EVERETT – A giant orange robotic arm swung in the air. Students worked on a virtual welding machine. A composite drone sat on display in a classroom.

Everett Community College on Wednesday showed off its new Advanced Manufacturing Training &Education Center, a $3.75 million building to instruct a new generation of workers in all areas of manufacturing.

The center will allow students to study making any item from concept to design to production.

“I will guarantee you that there’s nothing else like this at the community college or technical college level in the state,” said Dan Minzel, the head of the college’s welding and fabrication departments.

His first students got to “arc and spark” in the center on Tuesday, Minzel said. On Wednesday, Gov. Jay Inslee joined dozens of others on a tour the center.

Inslee praised the center for enabling “our future to be as bright as our past.”

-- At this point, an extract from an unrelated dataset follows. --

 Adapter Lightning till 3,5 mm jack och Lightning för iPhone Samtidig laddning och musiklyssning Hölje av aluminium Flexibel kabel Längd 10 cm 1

He said that the state is under a court order to put more funding toward education at the primary school level. But he said the state also needs to prioritize education before primary school and afterward in colleges and technical schools.

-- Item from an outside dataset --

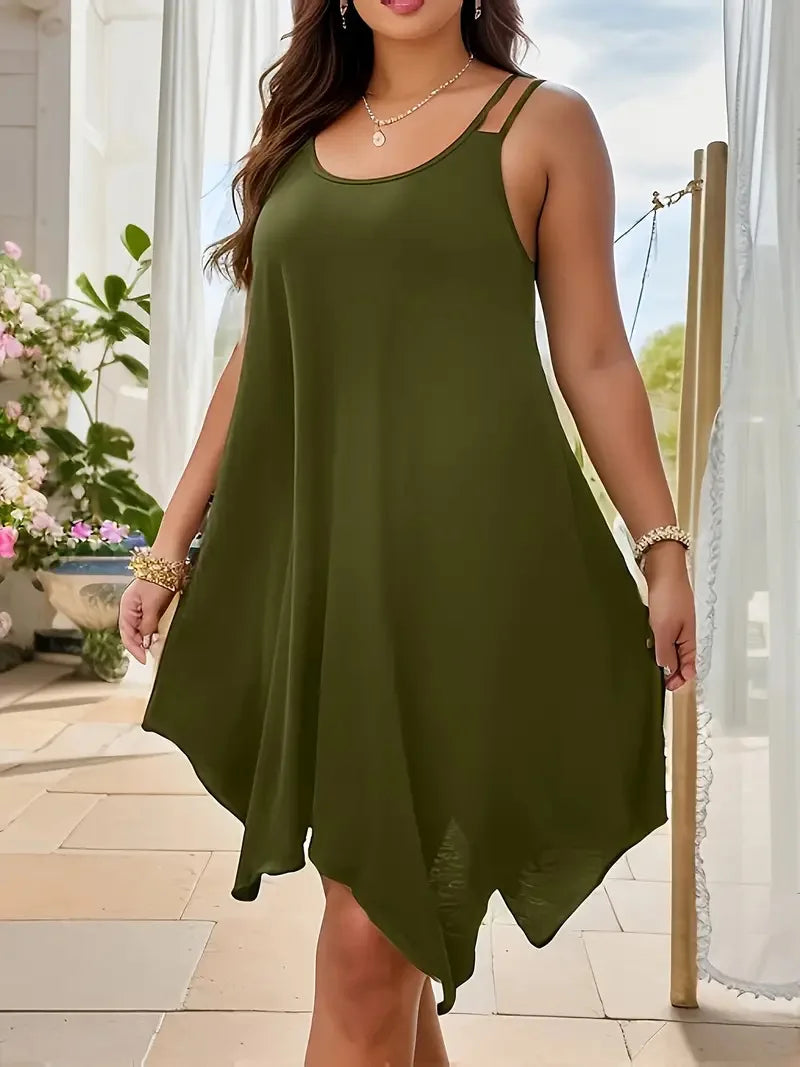 Strappy Asymmetrical Hem T Shirt Midi Dress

He said he believes we are “confident enough, hopeful enough and smart enough to make those investments.”

The 37,000-square-foot center is housed in a former warehouse at College Plaza at 1001 N. Broadway.

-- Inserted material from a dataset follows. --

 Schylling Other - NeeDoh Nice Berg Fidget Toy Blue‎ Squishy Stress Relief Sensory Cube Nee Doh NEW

Four EvCC programs that had been scattered around the county will be under the center’s roof. Those programs are: welding and fabrication; precision machining; composites; and engineering technology.

The center will also include the manufacturing employment readiness certificate, an entry-level program to introduce students to the manufacturing environment.

Minzel said that the center has been talked about for more than 13 years. At first, there was talk of just building a new welding facility.

“Everybody has a welding facility,” Minzel said. “Nobody has this.”

The center allows students to learn a variety of skills. A student that designs an item with an engineering program can walk across the floor to learn how to build it with a welding machine.

And that’s what employers have been telling the college that’s needed, said John Bonner, Everett Community College’s executive director of Corporate &Continuing Education.

“Small manufacturers tell us they need students who have the skills to operate the machinery in all parts of their factory,” Bonner said.

One of the first students who got to work at the center is Brittani Foster, 27, who is studying welding. She helped pack equipment from the old shop on the main campus and move it into the new center.

Foster raved about the new center, saying it is larger than the old shop, cleaner and more high tech. That’s why she volunteered to help with the move.

“I wanted to be here, I wanted to be a part of it,” Foster said. “It’s going to be here a long time.”